Ravyna memang di kenal sebagai anak pemalas oleh orang-orang yang mengenal baik gadis itu, selain pemalas Ravyna juga hobi tidur di mana pun. Namun ketika gadis itu mulai serius dalam mengerjakan pekerjaanya, Ravyna akan sangat gesit dan cekatan juga detail tanpa satu pun pekerjaanya yang terlewatkan, dan itu yang membuat bibi Melinda menyukai sisi lain dari Ravyna.
Andai kata Ravyna tak memiliki kelebihan tersendiri pada dirinya mungkin sudah dari lama bibi Melinda menendang keluar Ravyna dari toko dan rumahnya mengingat sudah banyak pelanggaran yang gadis itu lakukan.
Ravyna juga selalu memiliki cara tersendiri dalam membuat seseorang yang awalnya marah dan tidak suka padanya menjadi berbalik ramah dan menyukainya, yah maka tak heran Rama sering menjuluki bahwa Ravyna itu penyihir cilik yang mampu menyihir siapa pun untuk tunduk padanya dan perkataan Rama itu juga di dukung oleh yang lainnya begitu pula dengan bibi Melinda, meski begitu Ravyna tidak merasa kesal atau tersingguh dengan julukan yang diberikan Rama padanya, dia hanya acuh tak acuh saja menanggapinya.
Seperti saat ini misalnya, Ravyna yang mendengar julukan penyihir cilik itu keluar lagi dari mulut si Rama, laki-laki berusia 28 tahun tapi sayangnya jomblo— hanya bisa mendengus, apa lagi saat Ravyna melihat Rama berjalan ke arahnya yang tengah melipat beberapa baju yang berantakan oleh pelanggan.
Laki-laki itu menyengir, “Hey penyihir cilik baru sampai nih, pasti kesiangan lagi yah.”
“Diem deh, nggak lihat apa aku lagi kerja,” ketus Ravyna membuat Rama tergelak. Tak lama kemudian Silvia terdengar meneriaki nama Rama— memanggil laki-laki itu untuk segera menyelesaikan pekerjaanya yang Rama tinggal begitu saja.

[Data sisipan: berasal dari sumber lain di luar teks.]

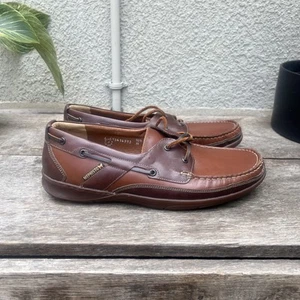 Scarpe da barca Mephisto 22362711 Spinnaker Felix da uomo marrone chiaro da 10,5 a 11 - Foto 1 di 9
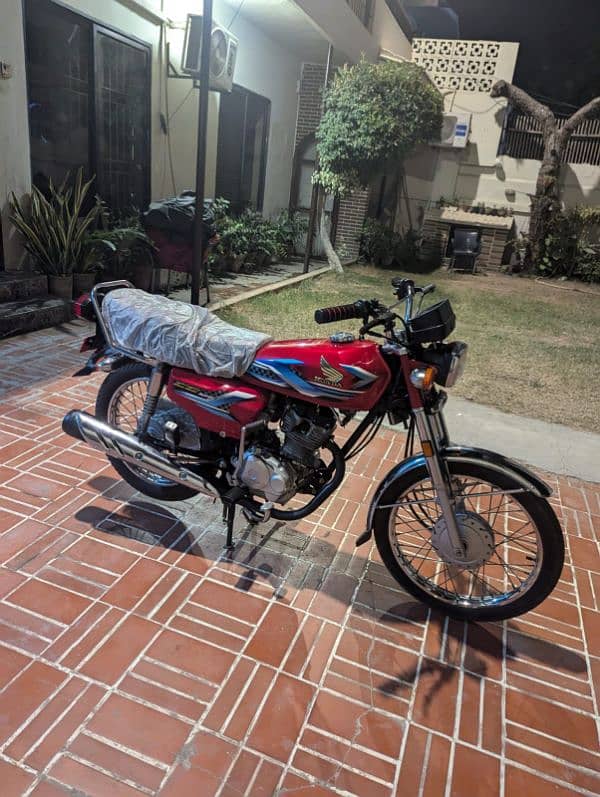 Honda 125 cc 2024 model 0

Dengan pasrah Rama menghampiri Silvia dan mendapat omelan gadis itu sebelum kemudian Rama kembali melanjutkan pekerjaanya.

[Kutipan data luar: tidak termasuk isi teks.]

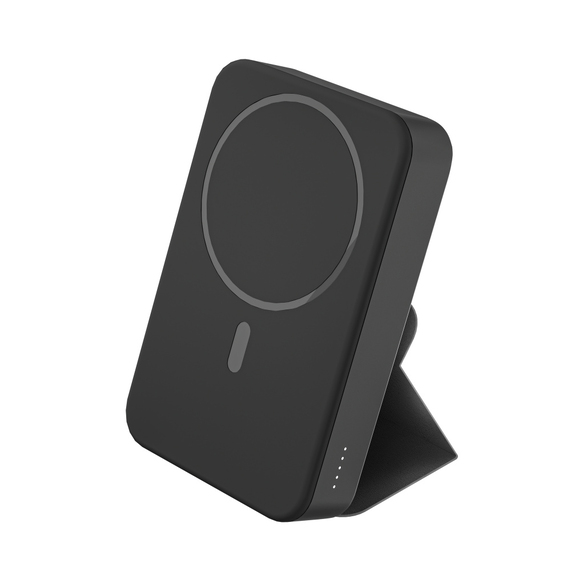 [Аккумулятор "Hank" с функцией беспроводной зарядки, 10 000 mAh (Чёрный)]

“Kak kakak, di cini ada baju kotak-kotak hitam putih nggak.”
Ravyna tersentak saat suara celotehan anak-anak itu terdengar, dia lantas menunduk saat merasakan ujung bajunya di tarik-tarik dan melihat seorang anak laki-laki berusia kisaran enam tahun tengah menari-narik ujung bajunya. Cengiran tersungging di bibir anak itu ketika matanya bertemu dengan kedua mata hitam Ravyna.
“Jadi ada nggak kak?” tanya anak itu lagi, dia celengak-celinguk mencoba mencari baju yang di inginkannya hingga matanya akhirnya menemukan baju yang dia inginkan, spontan matanya berubah berbinar dan dengan cepat anak laki-laki itu langsung melesat menghampiri baju hitam putih bergambar kotak-kotak seperti papan catur.
Ravyna mengerjap karena tak menyadari bahwa si anak sudah lebih dulu pergi dan mengambil baju catur itu, Ravyna menghela nafas dan menghampiri si anak.
“Kamu mau beli?” tanya Ravyna dan dengan antusias anak itu mengangguk.
“Mana orang tua kamu?” Ravyna mengedarkan pandangannya berusaha mencari orang tua anak tersebut.
“Mamahku udah lama meninggal, sementara ayahku lagi bekerja mengamankan negara indonesia kak.”
Perkataan yang keluar dari anak itu membuat Ravyna menatapnya lekat-lekat, “Terus kamu ke sini sama siapa dong?”
“Sendili. Hebatkan aku.”
Ravyna membelalak, terkejut saat mendengar kejujuran tersebut. Bagaimana mungkin anak sekecil dia di biarkan berpergian sendirian tanpa pengawasan, kalau ada penculik yang minat sama dia gimana coba.
Ravyna berjongkok, memegang kedua bahu anak itu agar menghadap ke arahnya sepenuhnya.